Arthur Augustus Allen may not be as well-known as John James Audubon, but this ornithologist was incredibly instrumental in getting people to stop shooting rare birds with guns--and shoot them with cameras instead. As chairman of the American Ornithological Union's Committee on Bird Protection, he used his role to establish ethical resolutions that prohibited the taking of rare birds from the wild (in violation of the Migratory Bird Treaty Act, no less) and emphasized the observation of live birds in the wild over killing more for preservation and study.
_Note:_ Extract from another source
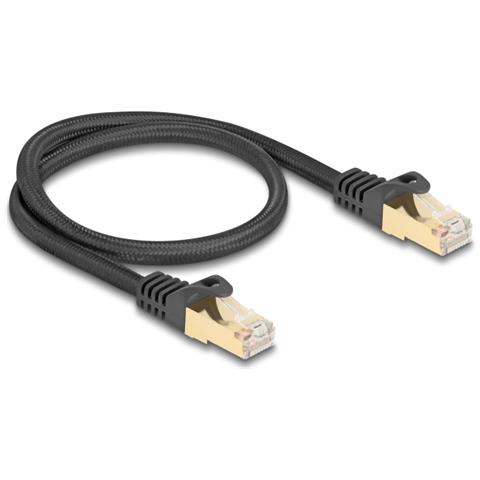 Cavo di rete RJ45 con rivestimento intrecciato Cat. 6A S /FTP maschio-maschio 0,5 m nero - Foto 2
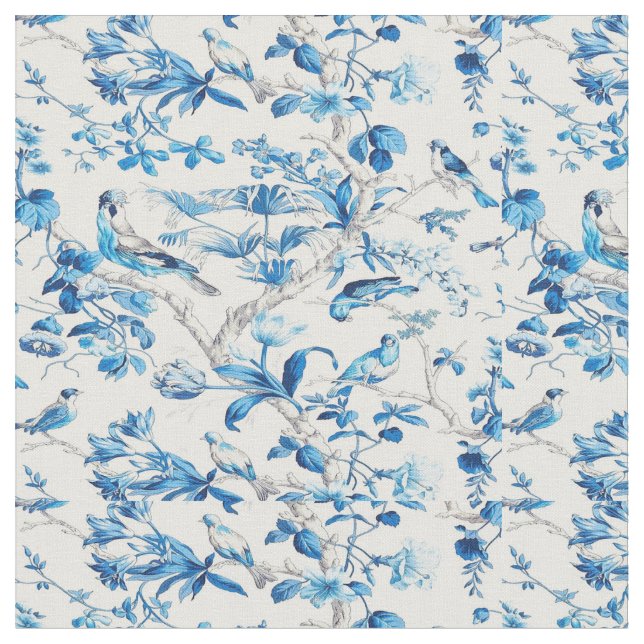 Blue and White Chinoiserie Chinese Oriental Tyg (Närbild)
We would do well to emulate Allen's example. Today there are still greedy people who look at a forest and only see dollar signs, or whose only interest in an open area of wilderness is the mineral rights under the soil. They see a pair of antlers as a trophy (and leave the meat to rot), and consider any inconvenient animal like a gray wolf or prairie dog only fit to exterminate. Yet Allen is a symbol of resistance against the purely acquisitive, extractive approach to nature, and how education can change minds and hearts.
So to those of you working to inform the general public about the value of nature in its own right, and not just for what we can get out of it--keep up the great work! Arthur A. Allen certainly wasn't the only person who worked to get the word out about the need to protect dwindling species and their habitats, but I think his efforts deserve to be added to more popular knowledge of conservation.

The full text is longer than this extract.